Allow me to introduce my dogs. We adopted both of them from an organization called Pug Hearts. It’s a fantastic group that saves pugs and puts them up for adoption. These dogs come from all sorts of unfortunate backgrounds. Quite a few have been abused in some heinous ways, and others have suffered from neglect. I don’t want to give you too much of a sob story here, but luckily, Sampson was a puppy when we adopted him and didn’t suffer too many hardships. Earl, on the other hand, had a broken leg and heartworms before we adopted him. He wasn’t too fond of people as you might suspect.
 As you can tell, I’m an animal lover and to a fault at that. I pick up cockroaches in napkins and put them outside. I would never hunt or fish. I used to tell my friends that if I had a man in one corner with a knife coming to kill me because he was a serial killer and a wolf in the other corner coming to maul me and I had a gun, I’d no question kill the man. I’d obviously never kill anything or anyone, but you get the point.
Back to the point, don’t feel bad for my dogs because you shouldn’t. These dogs might as well be kings. They run our lives. We give them everything and they live a very cushy, envy-inspiring life. We have a painting of Sampson in our house, for God’s sake!
Here is Sampson. He is a cutie pie but not really a pug. He’s taut and tall.

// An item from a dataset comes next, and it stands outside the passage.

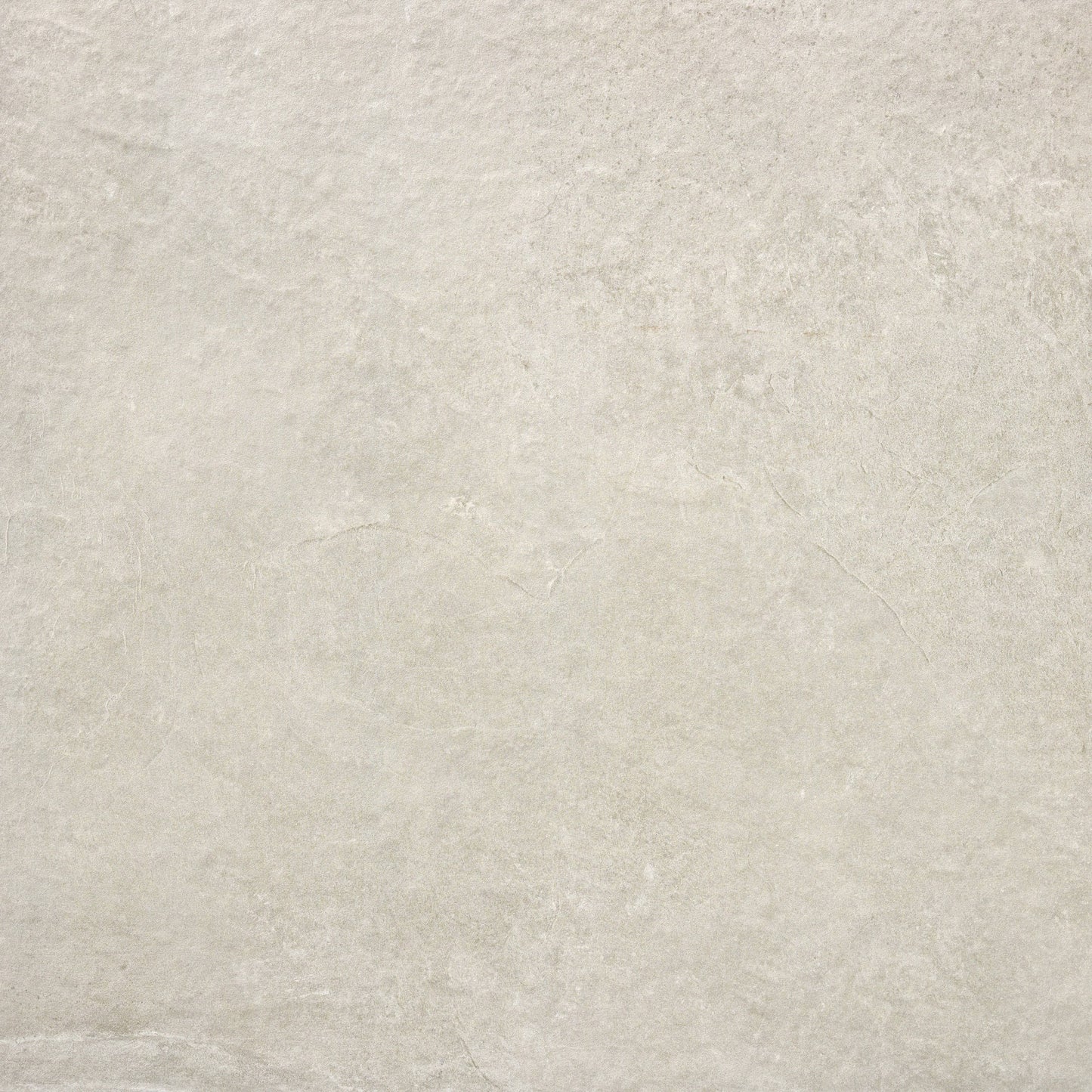 A close-up of a light beige stone texture, resembling Brisks' Priorat Bone Porcelain Paving, showcases subtle natural patterns and variations in tone. The surface appears smooth yet slip-resistant, with slight irregularities that evoke understated elegance and organic simplicity.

Here is Earl. He’s more of a traditional pug. He’s kind of chubby and is the clown of the dog world.


Now you feel sorry for them and know how cute they are. Here’s the deal: they are plotting against me. I am the alpha dog, and they know it. I put them on their backs constantly and feed them. They know what’s up. I’m the president; Sampson is the vice president; Earl is the secretary of state; my wife is the working class (Ha ha, just joking).
Sampson is neurotic and becomes obsessive about toys or other things that might be under the couch. He’ll stand by the couch and paw at the upholstery (yeah! Got that word after four tries). The other day Sampson was pawing at the couch. I was watching Pardon the Interruption.
Tony Kornheiser: Tim Tebow can’t…
Sampson: scratch, scratch, scratch
Michael Wilbon: Yeah, but he’s the golden…
Sampson: Scratch, scratch, scratch….
Me: Ok! You win! Geez.
I have to lay flat on my tummy to look under the couch because I’m too big to just squat down. As I’m looking under the couch, I see there is nothing there. As soon as I notice this, I feel a little doggy arm overlap my arm. I look over and Sampson’s face is 3 inches from mine. I feel another little doggy arm touch my other arm, and I look over. Earl is 3 inches from my face. He sneezes. He gets doggy snot all up in my grill. They planned this. They knew how to get me on their level, and they took it to me. They’re starting the coup by humiliating me.
I’m a tad worried. We’ve been leaving them out during the day and trying to get away from kennel training. I suspect they are planning.
Sampson: When the fat one gets home, he’ll eat something.
Earl: Yeah, something we can’t have.
Sampson: Yeah.
Sampson: We need to let him know he can’t just sit around here spending all the time with the working class (read above!) and eating all the cheesecake.
Earl: Yeah, I want some cheesecake, too.
Dogs: Whispering…
One of them poops on the floor while laughing egomaniacally.

This is a growing concern in my household. Growing. Like a tree!

 (Evil looking, huh?)

(There is much more on this and I’ll address it later. This is just a taste of their monkeyshines.)